┌─ PROVIDED MATERIAL

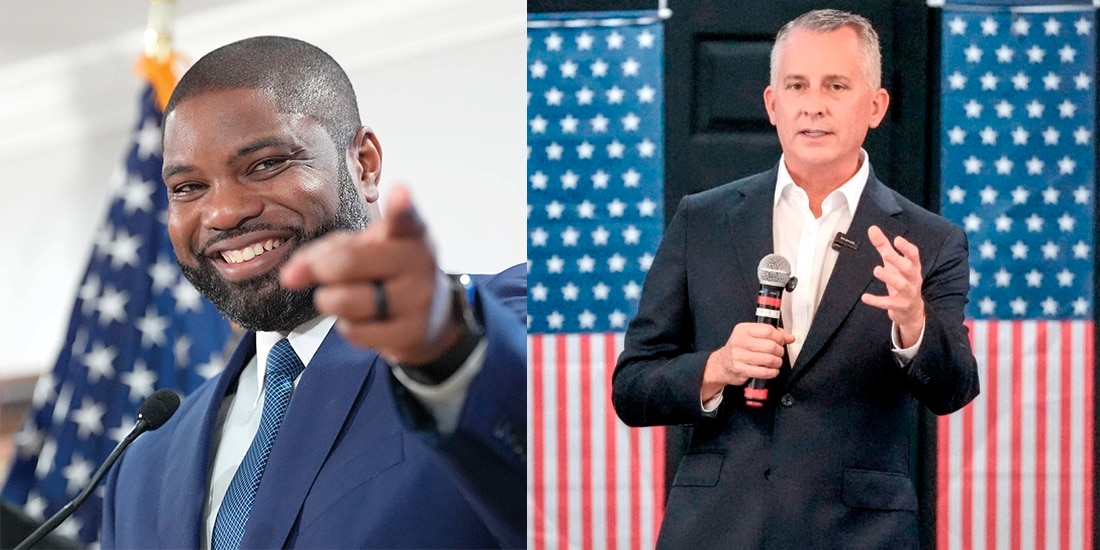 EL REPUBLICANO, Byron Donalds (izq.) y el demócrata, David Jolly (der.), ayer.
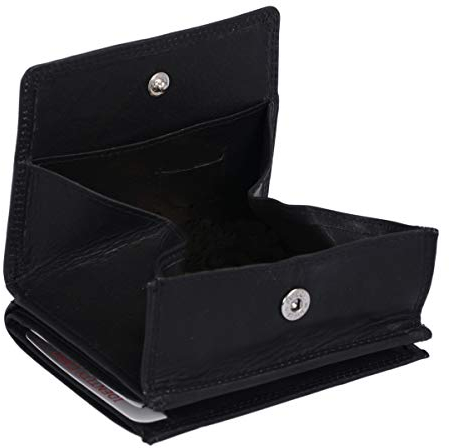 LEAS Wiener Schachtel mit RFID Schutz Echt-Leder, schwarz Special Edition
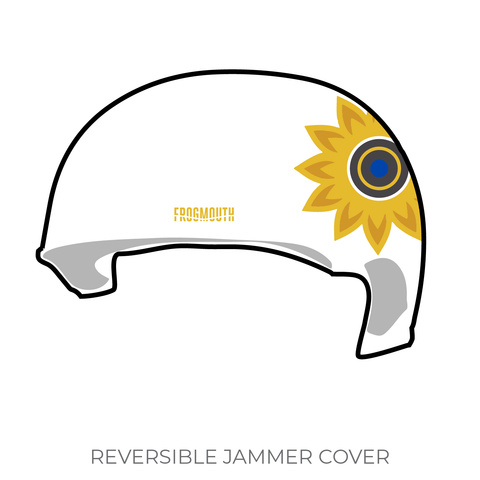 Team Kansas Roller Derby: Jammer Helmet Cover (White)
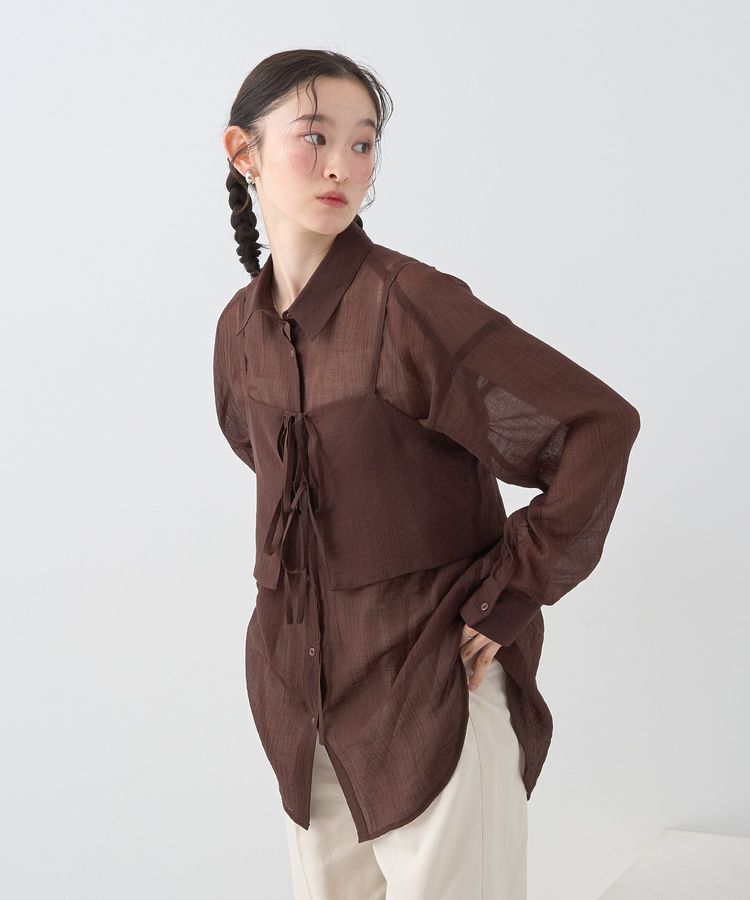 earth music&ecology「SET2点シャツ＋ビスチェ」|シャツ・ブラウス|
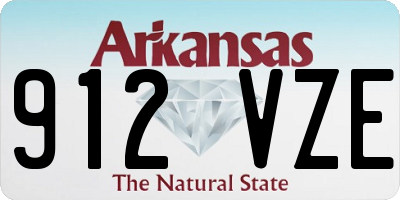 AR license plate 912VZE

└─

== WHAT YOU NEED TO DO ==
What is needed is an exact transcription of the lines from the one holding "LEAS Wiener Schachtel" to the end of the data, with every picture left out.

== FINISHED EXERCISE ==
 LEAS Wiener Schachtel mit RFID Schutz Echt-Leder, schwarz Special Edition
 Team Kansas Roller Derby: Jammer Helmet Cover (White)
 earth music&ecology「SET2点シャツ＋ビスチェ」|シャツ・ブラウス|
 AR license plate 912VZE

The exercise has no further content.